Connecticut Fire Crews Help Battle California Wildfires - NBC Connecticut

Connecticut Fire Crews Help Battle California Wildfires

Connecticut Crews Fight California Blazes

Connecticut firefighters have gone to California to help with the wildfires. Find out what their days are like battling the flames. (Published Tuesday, Aug. 11, 2015)

It has been a week days since a Connecticut fire crew mobilized and the members made their way toward the California wildfires. Since then, the team of 10 trained and certified Department of Energy and Environmental Protection staff members and 10 local firefighters has been assigned to the River Complex. There they are helping to manage three fires merging on the Shasta-Trinity and the Six Rivers National Forests.

According to Brian Scott, a public information officer with the River Complex, the California crews are spread thin and with wildfires raging all across the northern part of the state, the call for help had to go a little further.
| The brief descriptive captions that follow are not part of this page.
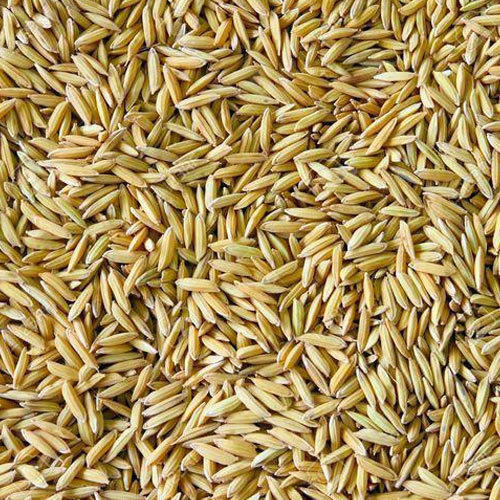 A Grade And Healthy Light Brown Paddy Rice, It Is Low In Starch And Calories Crop Year: 6 Months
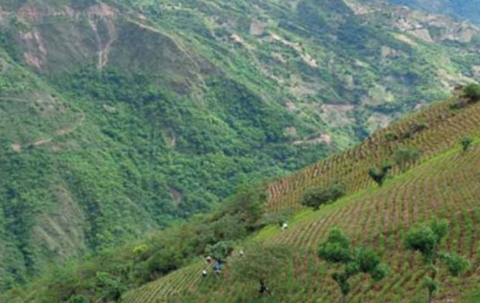 Proponen-penas-de-entre-10-y-20-anos-para-quienes-cultiven-coca-excedentaria
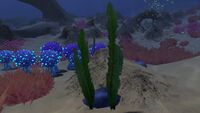 A rare type of seaweed, found only in the Bulb Zone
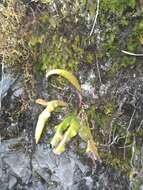 Image of Elaphoglossum cuspidatum (Willd.) T. Moore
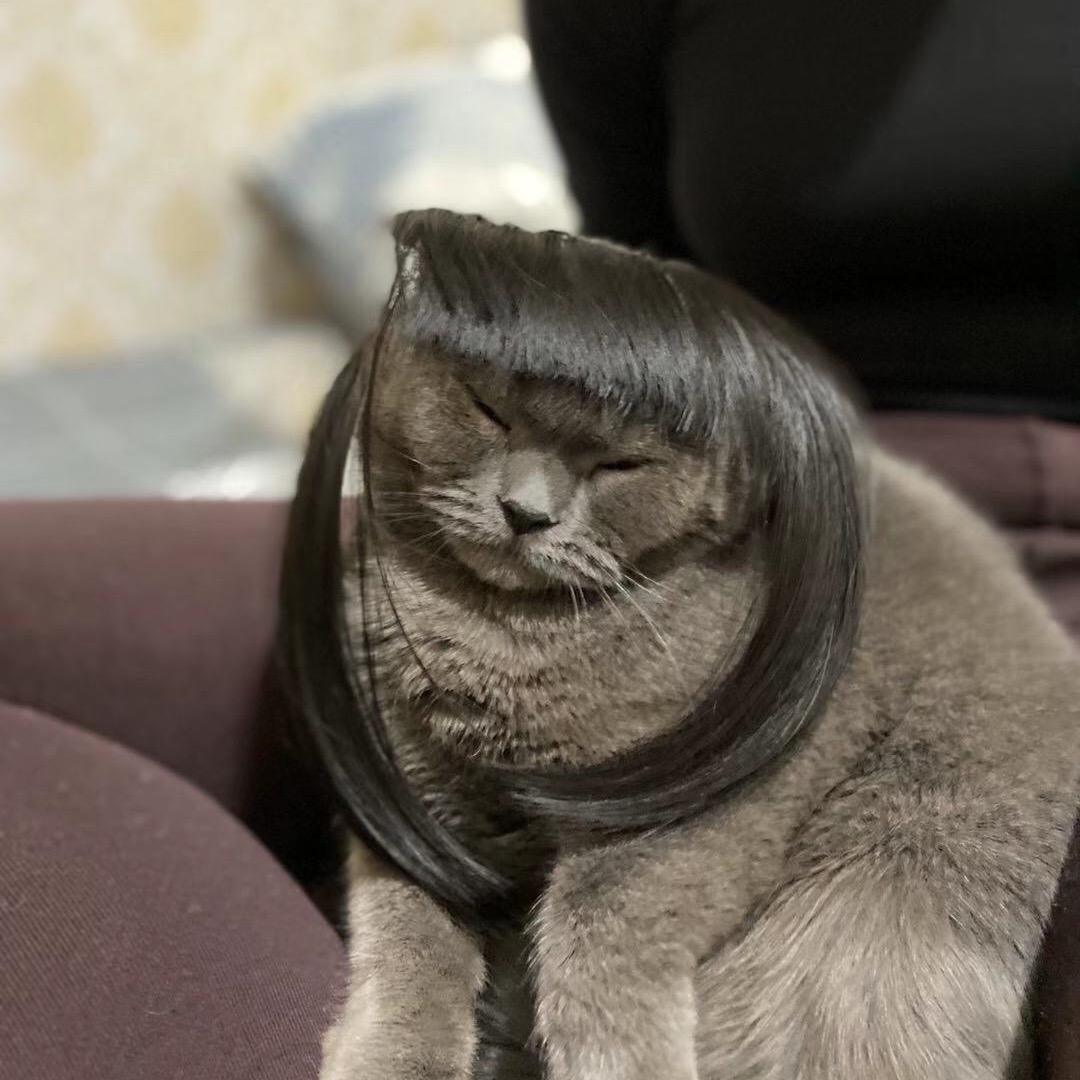 强强是个小胖胖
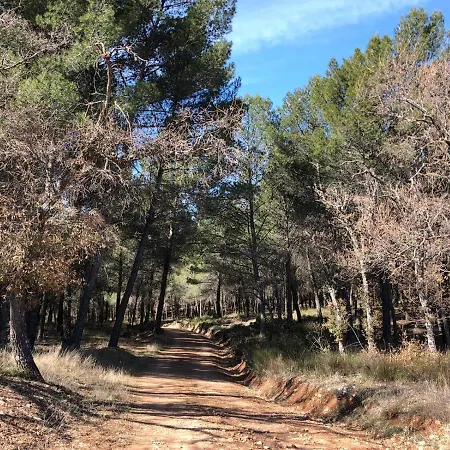 Casa Rural Tio Mora-2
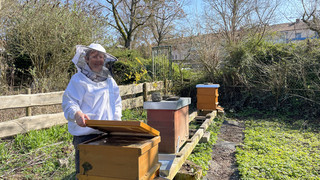 Schnupper-Imkern in Bad Vilbel: Die Welt der Bienen entdecken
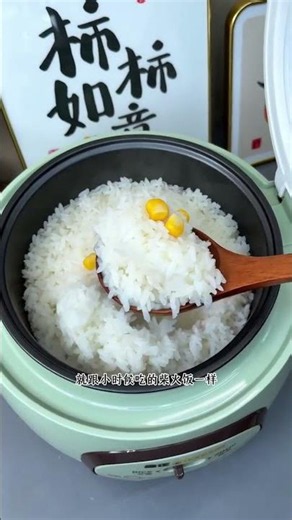 Mini Rice Cooker for Small Families: Perfect for Quick Meals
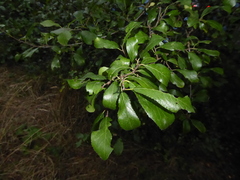 Prunus spinosa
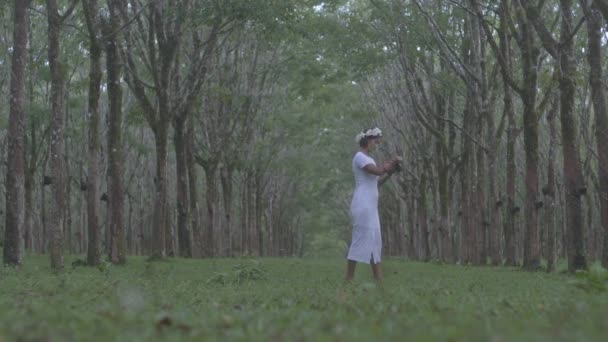 Kobieta Białej Sukience Oznacza Obraz Gumowej Plantacji — Wideo stockowe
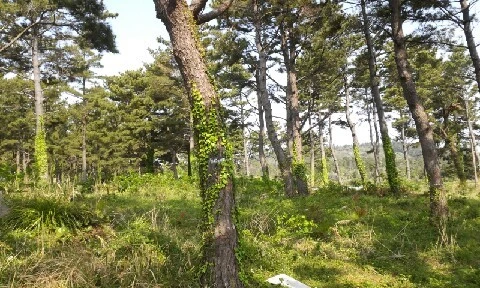 20160419_0955163.jpg?type=w773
“We didn't have, on this fire, near enough resources early on to do all we wanted to do just because we couldn't get folks,” Scott said. “Now that we have the Connecticut crew here we are actually starting to get some line built out there.”

That handline works to stop the fire from spreading and with the River Complex already spanning more than 20,000 acres, Connecticut crew boss Rich Scalora, of Berlin, knows it is essential to save property and possibly lives.

“There are a lot of residential structures in the area, small villages that there are groups assigned that we are doing structural protection for as well. It is a very important area to protect,” Scalora said.

Scalora’s crew spends their days working along the steep California terrain and under in an inversion that keeps the smoke face level. At night they sleep in tents alongside similar teams representing 15 other states.

“Everyone is doing good. They are looking forward to getting out there and put another hard day’s work in and hopefully we can keep that good attitude and spirits up,” Scalora said.

The 14-day commitment is one Scalora said the Connecticut firefighters and officials from DEEP have spent the entire year training for and, with signs of thanks lining residential streets, it is clear their efforts are appreciated.